Ruth Bleier (1923 – 1988)
Apakah sains selalu objektif? Ahli neurofisiologi AS, Ruth Bleier, tidak percaya - dan secara mengesankan membuktikan melalui penelitiannya bahwa dasar-dasar biologi ternyata penuh stereotipe gender. Putri keluarga migran Rusia itu bekerja sebagai dokter di pusat kota Baltimore, yang merupakan permukiman orang miskin, sampai ia dinyatakan “menyimpang dari semangat Amerika” oleh pemerintah karena mendukung Gerakan Hak-Hak Sipil dan kemudian dilarang berpraktik. Ia pun memilih untuk melanjutkan pendidikannya di bidang neurofisiologi. Di tempat kerjanya yang baru, yaitu di Universitas Wisconsin-Madison, ia antara lain mengadvokasi pembentukan program Kajian Perempuan. Pada pertengahan tahun 1980-an, ia menerbitkan kedua karyanya mengenai asumsi stereotipe gender dalam biologi, Science and Gender: A Critique of Biology and Its Theories on Women (1984) dan Feminist Approaches to Science (1986). Setelah perkawinannya kandas, ia mengungkapkan diri sebagai lesbian dan mendukung restoran ramah lesbian Lysistrata serta toko buku A Room of One’s Own di Madison.

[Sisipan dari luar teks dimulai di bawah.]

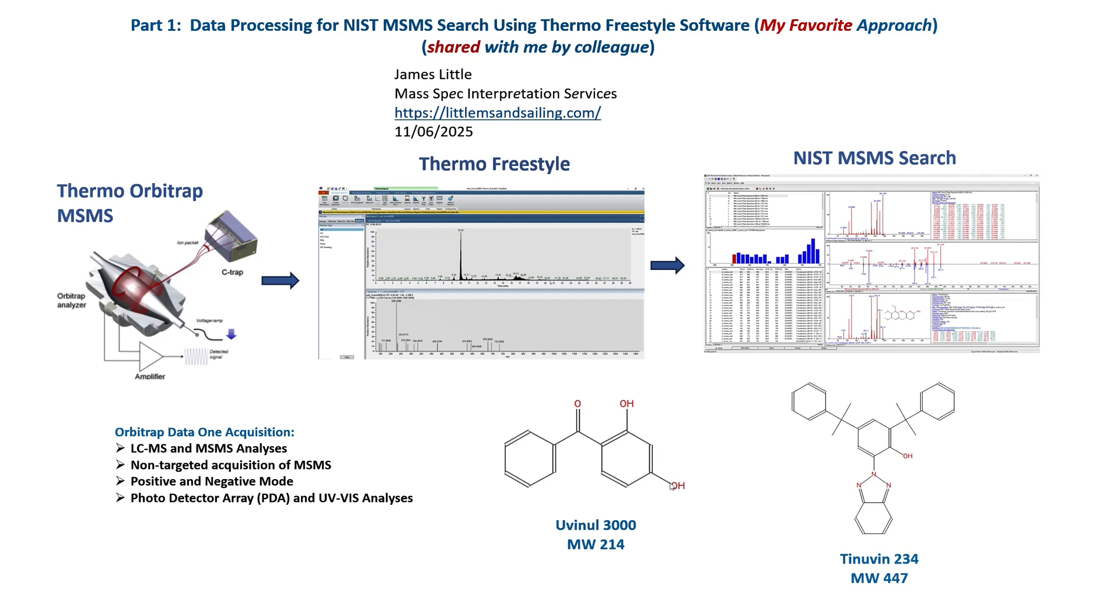Good evening. My name is James Little from MassSpec Interpretation Services.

Bersama pasangannya, Elizabet Karlin, ia memperjuangkan hak atas aborsi sebelum kemudian meninggal karena kanker pada usia 64 tahun.
Maaliaaraq Vebæk (1917 – 2012)
Novel perdana karya perempuan Greenland baru terbit pada tahun 1981. Konten cerita Búsime nâpíneĸ (Kisah Katrine) memberi petunjuk mengapa kita harus menunggu begitu lama: Karya perdana Maaliaaraq Vebæk, putri penyair dan katekis Greenland Josva Kleist, yang mengenyam sebagian besar pendidikannya di Denmark, menyoroti relasi kekuasaan antara Denmark dan koloninya melalui nasib seorang perempuan. Louise, perempuan muda Greenland, berkenalan dengan seorang tukang asal Denmark di kampung halamannya, lalu ikut ke negara asal laki-laki tersebut. Segera saja ia mendapati bahwa ia takkan pernah dianggap setara di sana akibat gender dan asal-usulnya. Ia bertemu Katrine, sesama perempuan Greenland, yang akhirnya bunuh diri akibat pengucilan tersebut. Novel lanjutannya terbit pada tahun 1992 dan mengangkat kisah hidup anak perempuan Katrine beserta rasisme yang dialaminya. Jilid ketiga yang direncanakan tidak pernah terwujud. Vebæk kembali ke Greenland setelah menyelesaikan pendidikan di Denmark, tetapi di kemudian hari menghabiskan banyak waktu di Denmark dan turut membantu dalam berbagai studi etnologi suaminya, yang berasal dari negeri itu. Selain menjadi pengarang, Vebæk juga aktif sebagai penerjemah dan kritikus sastra. Pada tahun 1990 ia menerbitkan Navaranaaq og andre – sebuah kisah mengenai kaum perempuan Greenland.